§ RECORDS PROVIDED:

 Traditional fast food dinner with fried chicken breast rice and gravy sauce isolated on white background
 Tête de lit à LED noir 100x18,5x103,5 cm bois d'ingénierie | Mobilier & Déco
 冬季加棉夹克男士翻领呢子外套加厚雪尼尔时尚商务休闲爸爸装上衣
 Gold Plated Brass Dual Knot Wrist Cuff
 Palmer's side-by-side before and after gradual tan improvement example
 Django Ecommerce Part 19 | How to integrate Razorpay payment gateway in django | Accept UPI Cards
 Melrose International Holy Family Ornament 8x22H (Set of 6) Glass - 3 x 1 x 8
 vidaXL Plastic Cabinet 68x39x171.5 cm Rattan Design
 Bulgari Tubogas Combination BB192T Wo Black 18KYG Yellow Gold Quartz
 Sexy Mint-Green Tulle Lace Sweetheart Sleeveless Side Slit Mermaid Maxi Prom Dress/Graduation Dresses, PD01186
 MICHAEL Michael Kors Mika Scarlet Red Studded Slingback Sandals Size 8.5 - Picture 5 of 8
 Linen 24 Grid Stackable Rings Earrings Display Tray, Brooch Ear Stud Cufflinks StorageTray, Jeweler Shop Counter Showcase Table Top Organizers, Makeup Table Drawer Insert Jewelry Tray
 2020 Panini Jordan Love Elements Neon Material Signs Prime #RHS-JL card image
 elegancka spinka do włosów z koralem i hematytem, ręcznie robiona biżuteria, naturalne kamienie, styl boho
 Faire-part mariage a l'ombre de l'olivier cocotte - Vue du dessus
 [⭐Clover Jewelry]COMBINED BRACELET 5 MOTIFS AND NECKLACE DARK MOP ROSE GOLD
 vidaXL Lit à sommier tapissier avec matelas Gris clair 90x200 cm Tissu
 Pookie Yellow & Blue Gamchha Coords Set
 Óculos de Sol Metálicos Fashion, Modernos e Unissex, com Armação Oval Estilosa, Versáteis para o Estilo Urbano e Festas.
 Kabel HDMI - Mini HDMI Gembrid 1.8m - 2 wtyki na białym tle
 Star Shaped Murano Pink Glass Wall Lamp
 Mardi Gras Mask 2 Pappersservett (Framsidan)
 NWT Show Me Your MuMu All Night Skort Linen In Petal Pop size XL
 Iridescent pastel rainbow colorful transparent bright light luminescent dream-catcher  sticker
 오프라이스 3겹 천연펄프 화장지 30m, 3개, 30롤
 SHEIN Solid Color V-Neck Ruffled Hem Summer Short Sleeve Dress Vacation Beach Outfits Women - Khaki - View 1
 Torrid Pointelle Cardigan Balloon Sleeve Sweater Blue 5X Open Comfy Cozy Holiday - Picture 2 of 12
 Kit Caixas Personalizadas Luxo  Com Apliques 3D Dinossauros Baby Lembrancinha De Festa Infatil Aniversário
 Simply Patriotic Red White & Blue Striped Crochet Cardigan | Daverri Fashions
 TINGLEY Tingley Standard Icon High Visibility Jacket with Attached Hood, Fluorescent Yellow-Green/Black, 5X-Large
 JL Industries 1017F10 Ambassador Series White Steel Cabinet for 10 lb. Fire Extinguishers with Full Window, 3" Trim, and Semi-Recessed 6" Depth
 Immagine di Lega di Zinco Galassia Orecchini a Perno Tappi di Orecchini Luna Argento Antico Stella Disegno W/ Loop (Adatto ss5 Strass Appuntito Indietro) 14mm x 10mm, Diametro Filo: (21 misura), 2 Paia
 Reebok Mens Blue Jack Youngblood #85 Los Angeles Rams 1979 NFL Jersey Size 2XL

§ YOUR ASSIGNMENT:
Some lines contain the word "Glass". Pull each one out of the listing.

§ ANSWER BOX:
 Melrose International Holy Family Ornament 8x22H (Set of 6) Glass - 3 x 1 x 8
 Star Shaped Murano Pink Glass Wall Lamp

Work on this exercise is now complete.